Brief: Produce exactly the lines from the one holding "Valencia C.F., S.A.D. Formation 2015" through the last line of the data below, with every picture left out.

Extracted data:
********************
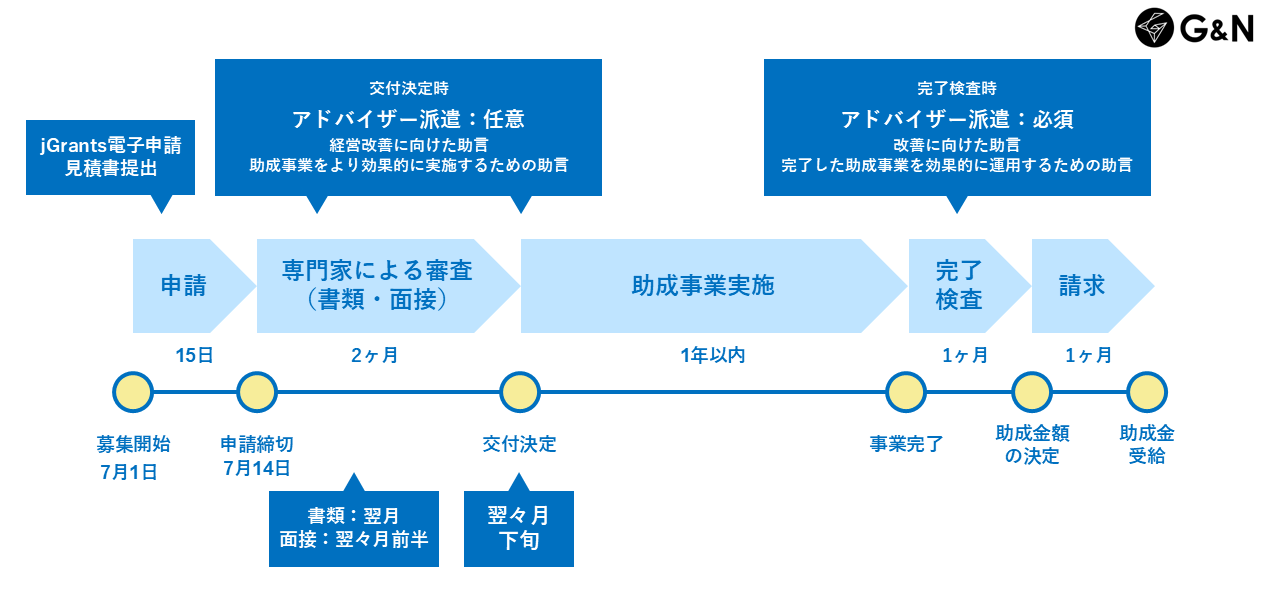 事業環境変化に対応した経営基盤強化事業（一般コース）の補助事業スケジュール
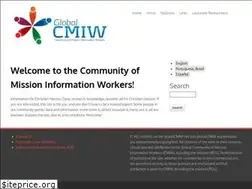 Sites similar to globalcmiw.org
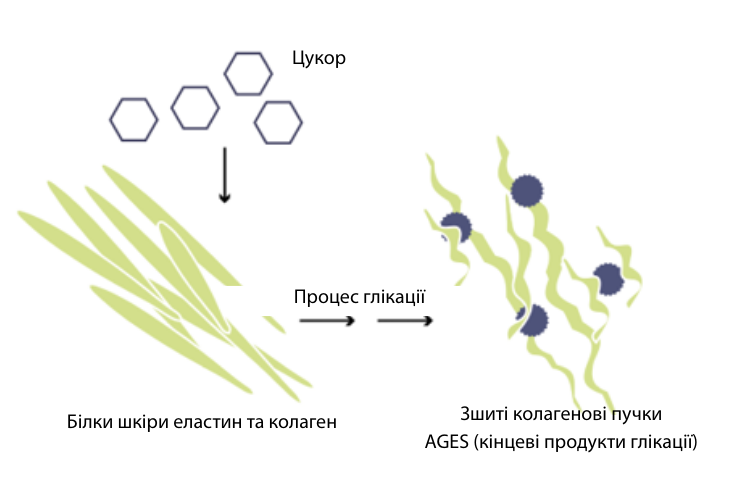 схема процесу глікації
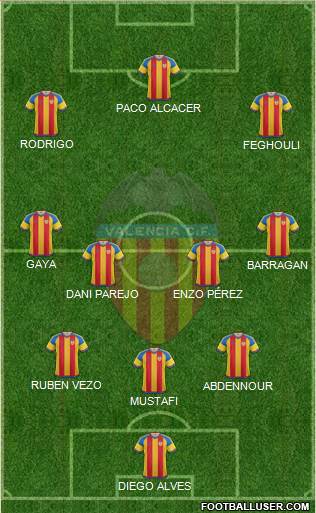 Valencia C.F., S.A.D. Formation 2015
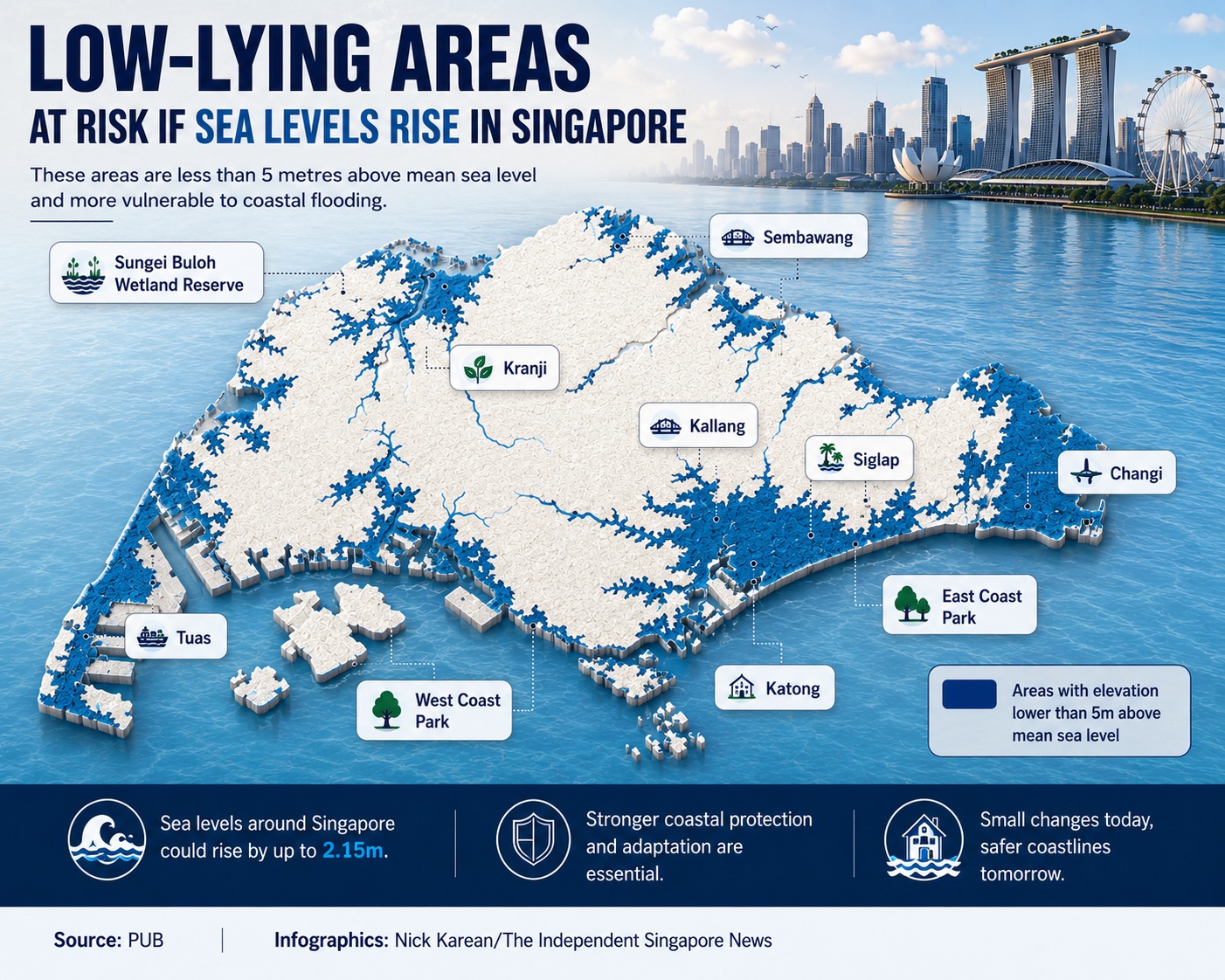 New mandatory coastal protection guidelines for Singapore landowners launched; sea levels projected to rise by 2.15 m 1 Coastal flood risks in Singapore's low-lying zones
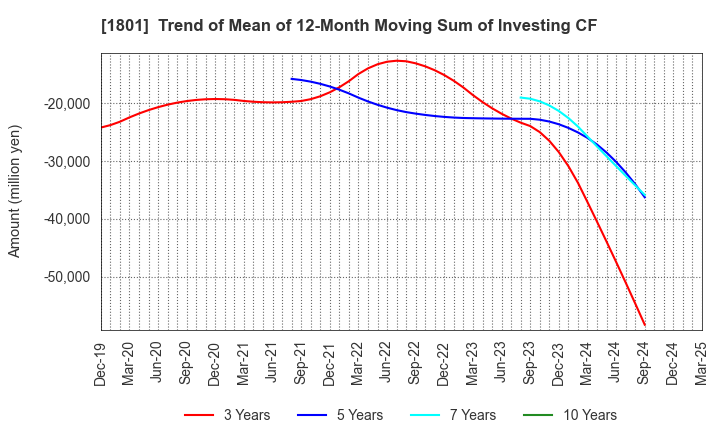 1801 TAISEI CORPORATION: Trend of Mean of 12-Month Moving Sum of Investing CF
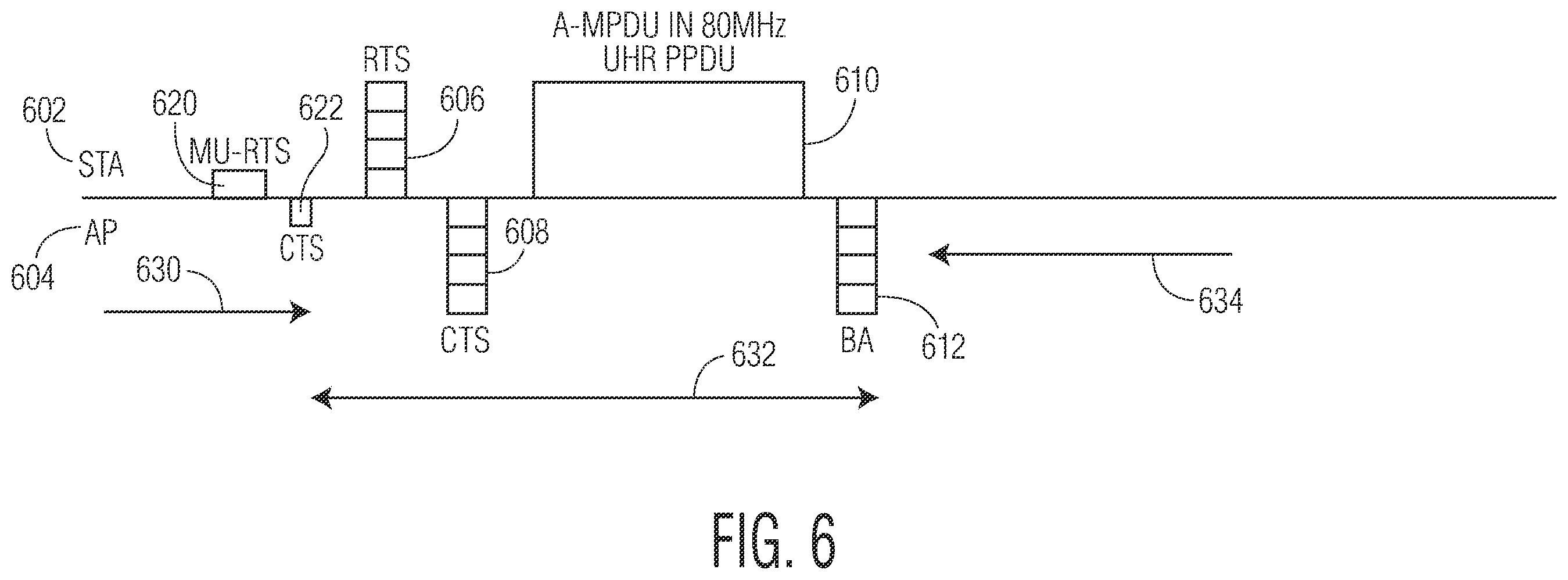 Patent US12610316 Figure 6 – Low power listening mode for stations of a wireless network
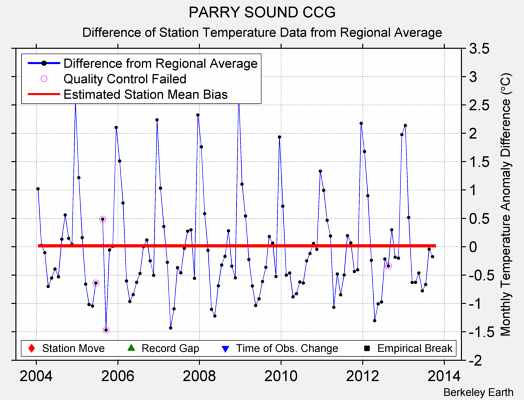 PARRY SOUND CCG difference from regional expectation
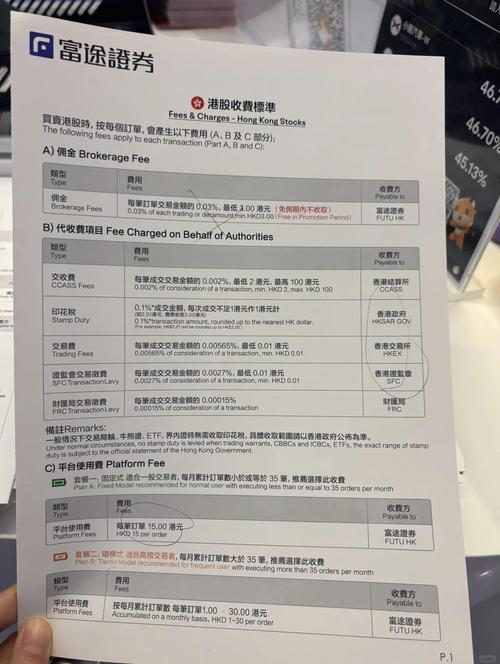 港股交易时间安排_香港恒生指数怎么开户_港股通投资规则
********************
Your solution:
 Valencia C.F., S.A.D. Formation 2015
 New mandatory coastal protection guidelines for Singapore landowners launched; sea levels projected to rise by 2.15 m 1 Coastal flood risks in Singapore's low-lying zones
 1801 TAISEI CORPORATION: Trend of Mean of 12-Month Moving Sum of Investing CF
 Patent US12610316 Figure 6 – Low power listening mode for stations of a wireless network
 PARRY SOUND CCG difference from regional expectation
 港股交易时间安排_香港恒生指数怎么开户_港股通投资规则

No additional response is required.